* Assignment *
Scan the records below for the line containing "42B Bus Line Map" and the line containing "InLine Wandhalterung, für". Copy both, plus every line between, exactly.

-- Task inputs follows --

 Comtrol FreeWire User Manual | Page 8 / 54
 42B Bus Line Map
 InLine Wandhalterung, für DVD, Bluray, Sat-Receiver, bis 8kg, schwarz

-- Task inputs concluded --
-- Task inputs follows --

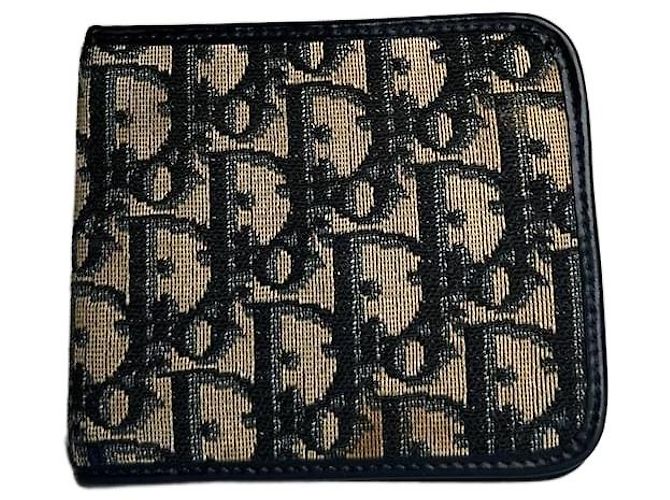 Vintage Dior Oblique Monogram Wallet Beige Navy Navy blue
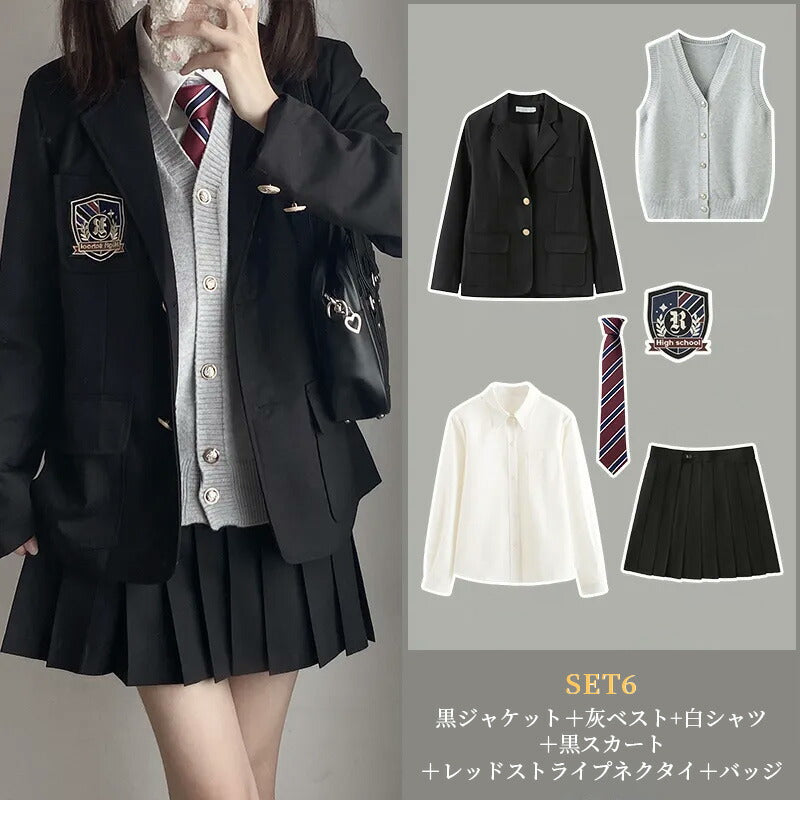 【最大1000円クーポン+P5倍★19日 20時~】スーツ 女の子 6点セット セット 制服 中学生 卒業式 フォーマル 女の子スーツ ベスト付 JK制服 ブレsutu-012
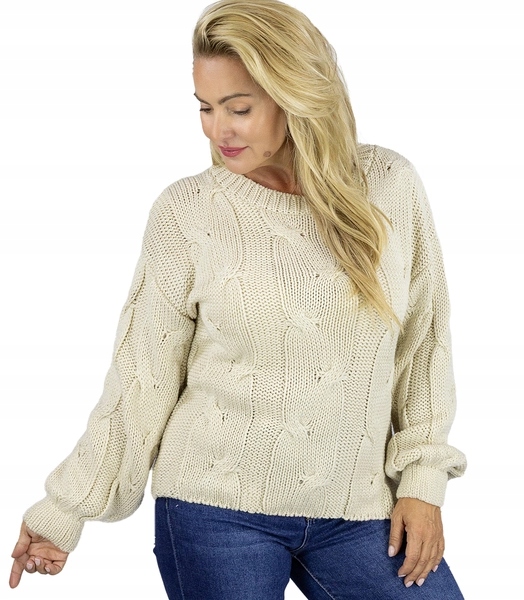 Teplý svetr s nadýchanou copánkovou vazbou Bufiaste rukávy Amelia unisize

-- Task inputs concluded --

* The completed task *
 42B Bus Line Map
 InLine Wandhalterung, für DVD, Bluray, Sat-Receiver, bis 8kg, schwarz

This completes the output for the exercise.